** Input data follows **

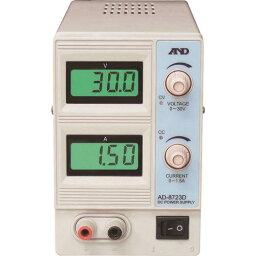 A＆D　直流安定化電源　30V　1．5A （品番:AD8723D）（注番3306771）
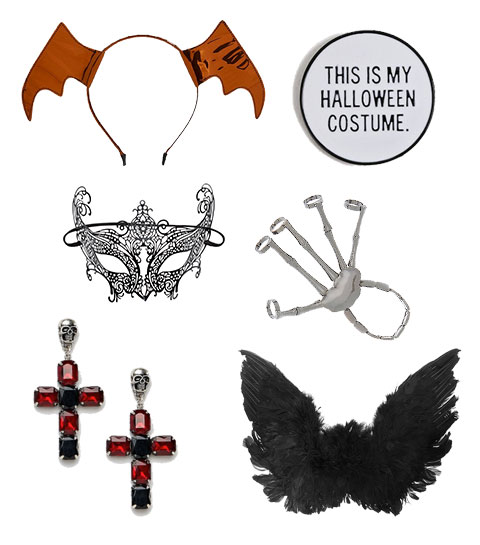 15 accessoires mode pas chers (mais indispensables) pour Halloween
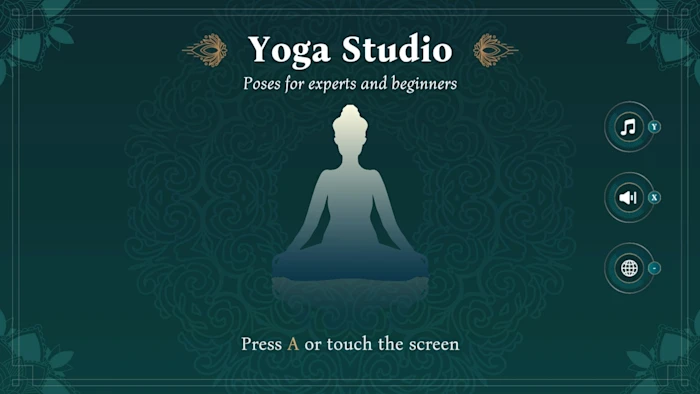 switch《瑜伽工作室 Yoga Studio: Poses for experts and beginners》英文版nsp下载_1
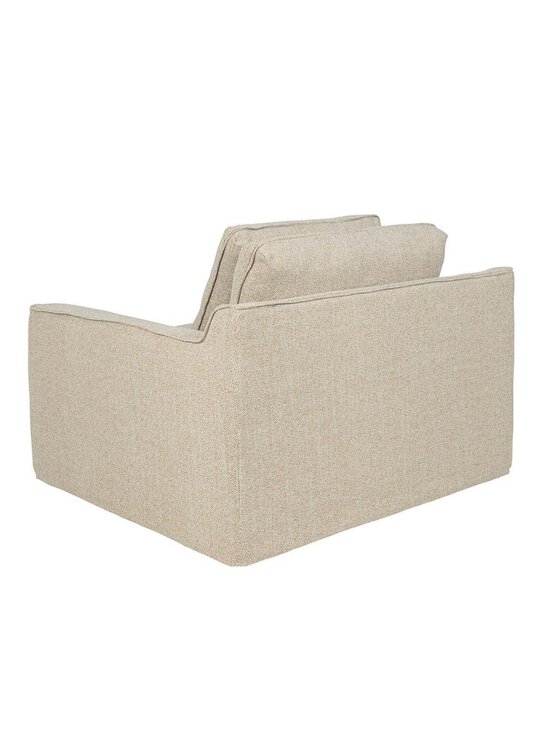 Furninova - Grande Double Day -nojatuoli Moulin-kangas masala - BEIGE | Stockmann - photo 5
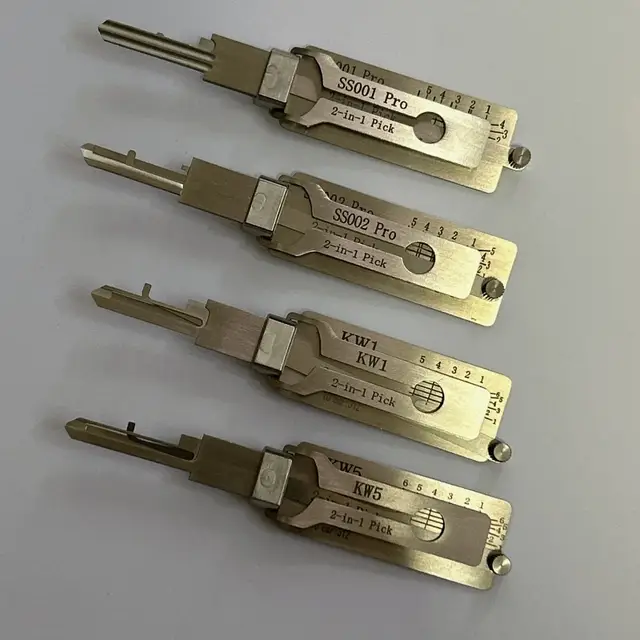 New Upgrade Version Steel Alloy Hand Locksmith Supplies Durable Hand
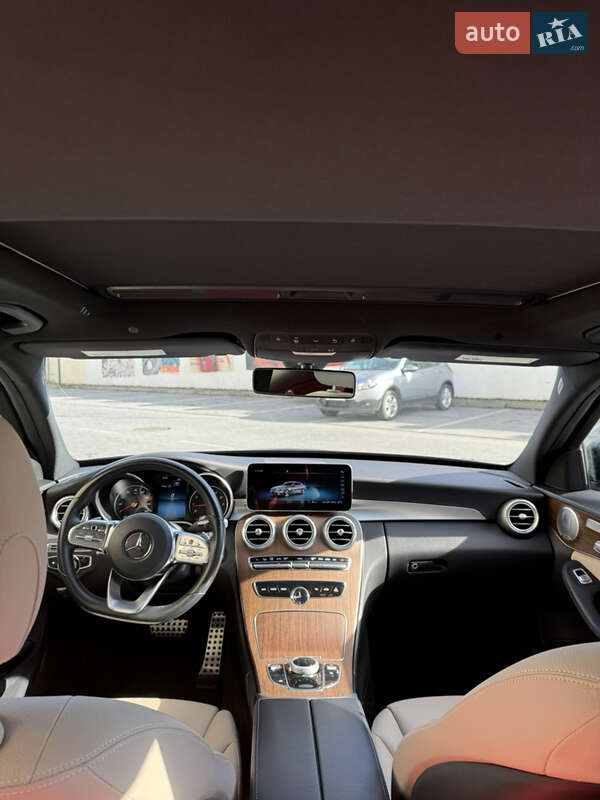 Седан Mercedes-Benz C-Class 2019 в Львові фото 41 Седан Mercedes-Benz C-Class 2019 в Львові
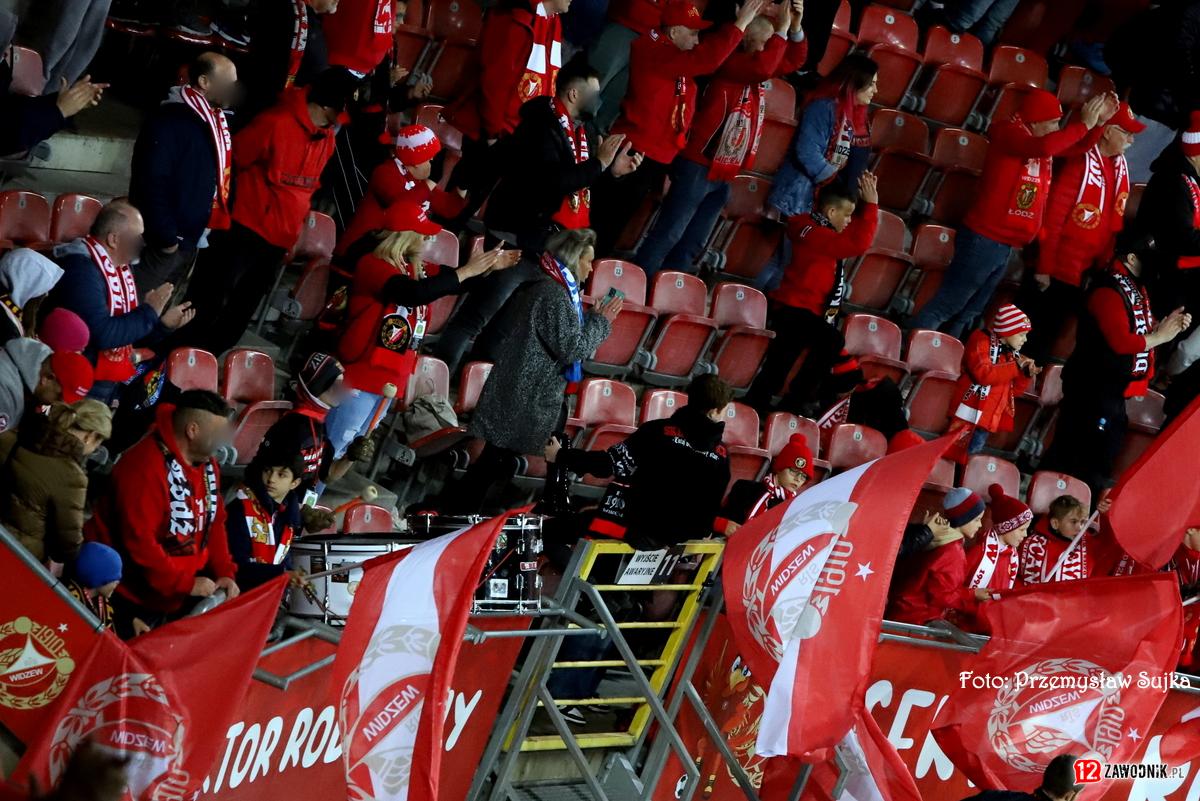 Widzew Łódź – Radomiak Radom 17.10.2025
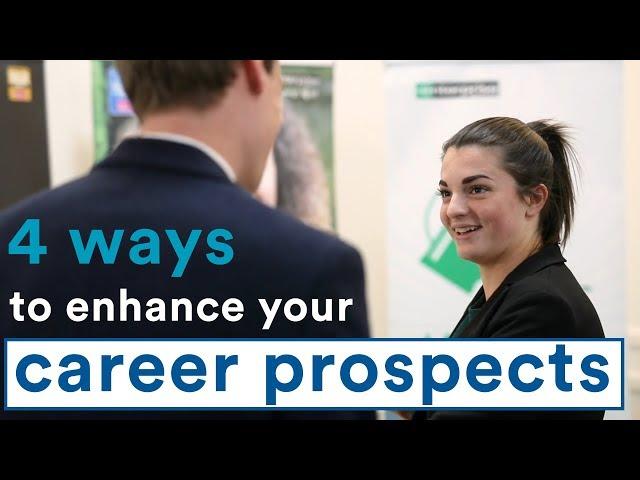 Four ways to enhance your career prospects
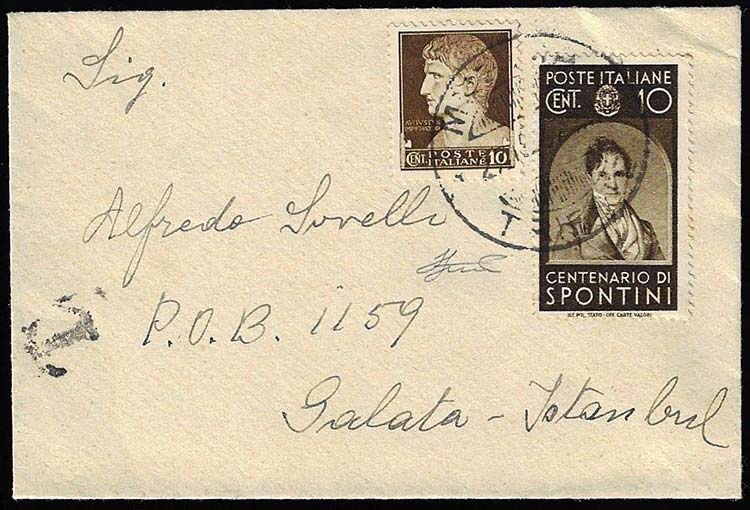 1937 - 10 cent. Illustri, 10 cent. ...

** End of Input data **

▶ **Exercise description**
Your answer must be exactly the lines from the one with "Furninova - Grande" through the last line of the entries, both included, with no pictures; please add nothing else.

▶ **Output of the task**
 Furninova - Grande Double Day -nojatuoli Moulin-kangas masala - BEIGE | Stockmann - photo 5
 New Upgrade Version Steel Alloy Hand Locksmith Supplies Durable Hand
 Седан Mercedes-Benz C-Class 2019 в Львові фото 41 Седан Mercedes-Benz C-Class 2019 в Львові
 Widzew Łódź – Radomiak Radom 17.10.2025
 Four ways to enhance your career prospects
 1937 - 10 cent. Illustri, 10 cent. ...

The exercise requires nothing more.